Jakarta, Beritasatu.com -  Kementerian Pendidikan dan Kebudayaan (Kemdikbud) telah melakukan survei untuk mengevaluasi kegiatan belajar dari rumah (BDR) dengan responden mulai dari siswa, orang tua, guru, hingga kepala sekolah. Hasil survei tersebut menunjukkan 95% siswa melakukan BDR. Namun, sistem ini tidak berjalan lancar, karena ditemukan beberapa hambatan dari rumah sehingga berpotensi ada pengalaman belajar yang hilang.

Kepala Badan Penelitian dan Pengembangan dan Perbukuan Kemdikbud, Totok Suprayitno menuturkan, selama BDR, jumlah jam belajar siswa berkurang.

"Biasanya siswa hanya belajar dua jam sehari dan dalam seminggu maksimum hanya empat hari sehingga siswa kehilangan pengalaman belajar,” kata Totok dalam Rapat Kerja Kemdikbud dengan Komisi X DPR yang berlangsung secara daring, Senin (22/6/2020).

Kenyataan ini kata Totok, membuat peserta didik kesulitan memahami materi dari buku meskipun 89% orang tua mendampingi siswa. Mereka tetap membutuhkan bantuan guru. Sebab, masih banyak guru yang memberi penugasan berupa soal sehingga anak kehilangan penambahan inti kurikulum.

Menurut Totok, seharusnya anak memahami terlebih dahulu konten kurikulum sebelum diberi penugasan. Untuk itu, pihaknya akan menyediakan modul belajar yang memudahkan peserta didik untuk belajar mandiri dengan tema-tema menarik. Dengan demikian, mereka dapat mengurangi kebosanan.

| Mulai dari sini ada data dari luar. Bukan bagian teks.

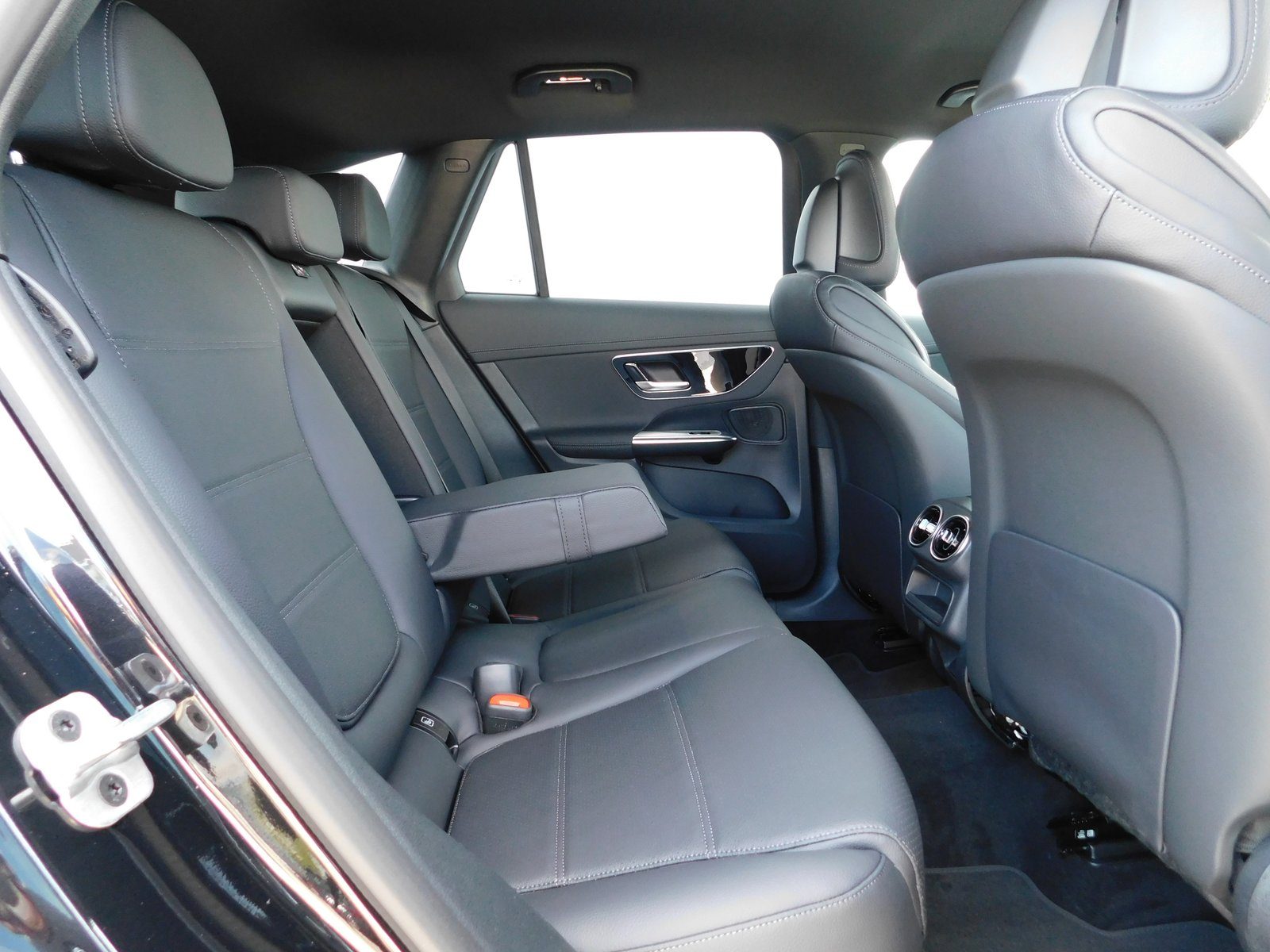 2024 Mercedes-Benz GLC — fotografija 13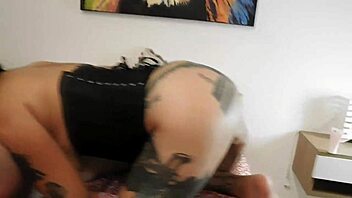 me destroza el culo y me hace tragar la leche me hago pis encima por esta pija no paro de acabar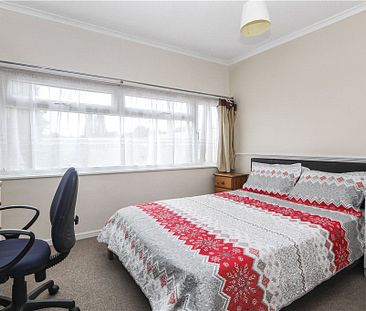 Gale Close, Mitcham - Photo 1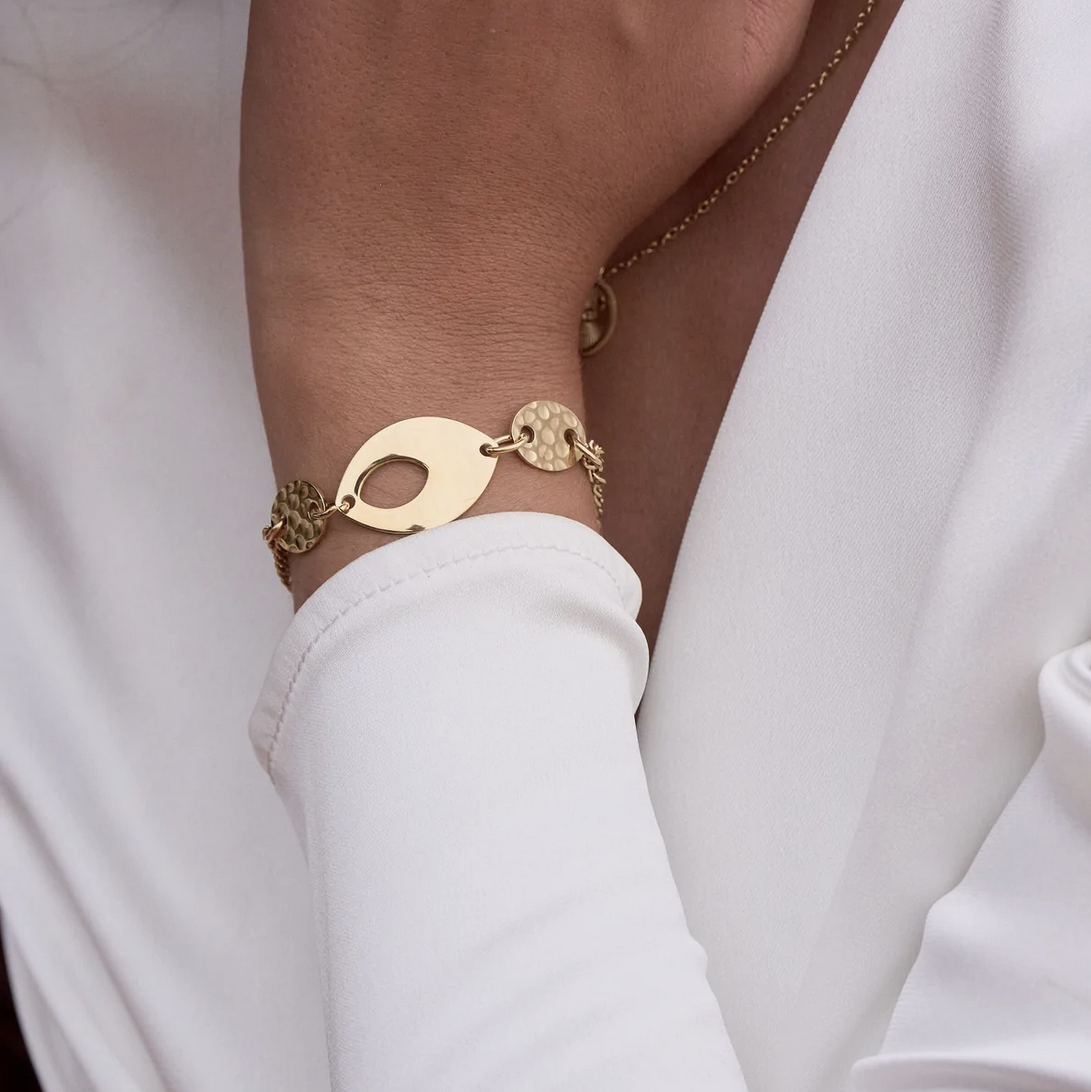 Bracelet en maille gourmette deux rangs avec pièces martelées et lisse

Modul yang dimaksud bisa berupa project based learning, baik belajar berbasis daring yang akan disiapkan secara digital, maupun untuk luring yang akan segera didistribusikan.

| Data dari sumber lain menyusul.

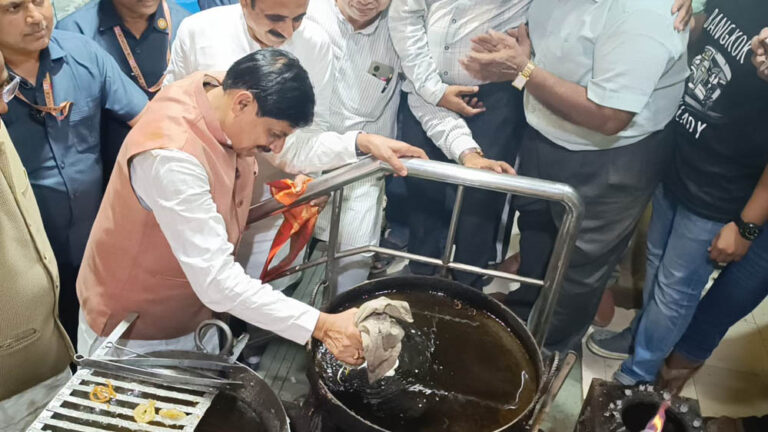 मुख्यमंत्री डॉ. यादव ने शहर का भ्रमण दो पहिया वाहन और पैदल चल कर किया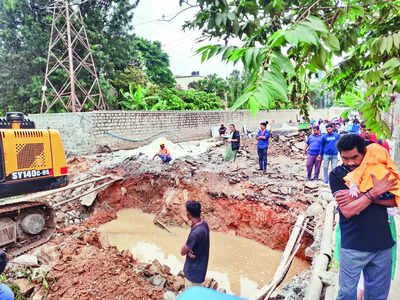 Sudden drain pain leaves citizens hanging on edge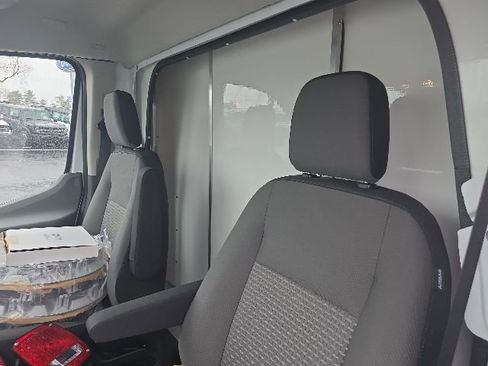 New 2026 Ford Transit 350 w/ Interior Upgrade Package RWD image 29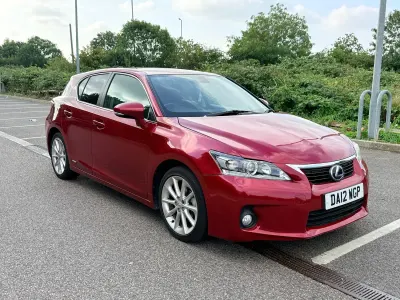 Used Lexus CT200h 134 HP (98 kW) 2012 Red Hatchback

Totok menyebutkan, Kemdikbud juga mempertimbangkan disparitas pola belajar mandiri siswa. Terkait dengan capaian masing-masing siswa, maka guru diarahkan untuk melakukan penilaian kepada anak yang tidak berpatok pada tuntutan kurikulum.

Pihaknya sedang menyusun skema sebagai panduan dan petunjuk teknis (juknis) yang akan digunakan pada tahun ajaran baru mendatang.